Anyway, easy and quick enough to brute force it for part 1.

int sum = 0;
foreach (var bank in batteries)
{
    int maxJoltage = 0;
    for (int i = 0; i < bank.Count - 1; i++)
    {
        for (int j = i + 1; j < bank.Count; j++)
        {
            int joltage = (bank[i] * 10) + bank[j];
            maxJoltage = Math.Max(maxJoltage, joltage);
        }
    }

    sum += maxJoltage;
}

Ha. Here's the first real tricky bit. I don't think this one can easily be brute forced, not with how many permutations there could be. I think some cleverer thinking might be necessary.

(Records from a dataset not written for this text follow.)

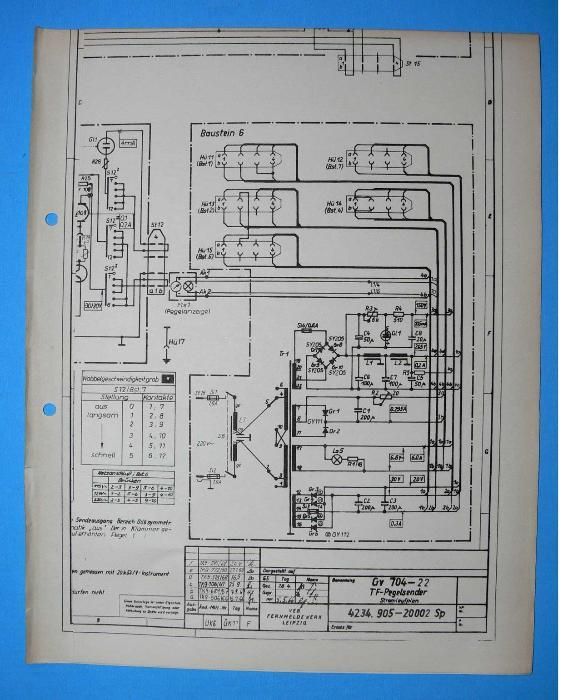 Instrukcja generator GV-704 21 RFT DDR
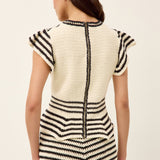 Marie Oliver TOPS-KNIT TOP-SLVS-KNIT-NOVELTY-FF AUDREY TOP
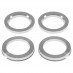 Wheel Hubcentric Rings, JR, set of 4, aluminium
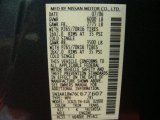 2006 Pathfinder Color Code for Storm Grey Metallic - Color Code: K27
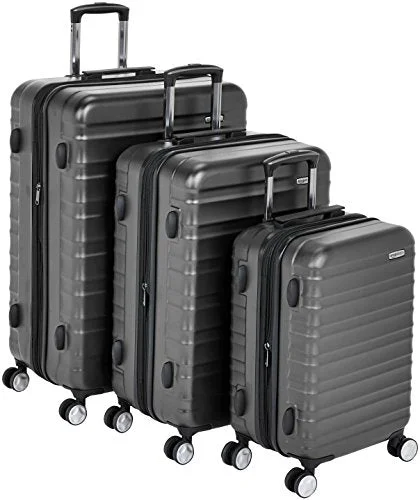 AmazonBasics Premium Hardside Spinner Luggage with Built-In TSA Lock - 3-Piece Set (20", 24", 28"), Black AmazonBasics Premium Hardside Spinner Luggage with Built-In TSA Lock - 3-Piece Set (20", 24", 28"), Black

My first thought:

1. Only consider the first L-N digits, where N is the remaining digits besides the current one (so 11 initially)
2. Find the biggest digits, D, starting with 9
3. Recurse with the remaining digits and N-1
4. If there's no valid joltage with D, D-- and try again

private static long FindLargest(int[] bank, int start, int remaining)
{
    if (remaining == 1)
    {
        return bank.Skip(start).Max();
    }

    long largest = 0;
    int digit = 10;

    while (largest == 0 && --digit > 0)
    {
        for (int i = start; i < bank.Length - remaining + 1; i++)
        {
            if (bank[i] == digit)
            {
                largest = Math.Max(FindLargest(bank, i + 1, remaining - 1), largest);
            }
        }
    }

    return largest + (digit * (long)Math.Pow(10, remaining - 1));
}

Despite how recursive it get, it goes surprisingly fast because it's limited to only a few to look at in the first place, and specifically targetting the larger digits, essentially pruning a lot of dead branches.

It did take me a while to figure out an off-by-one errrr in the main for loop though.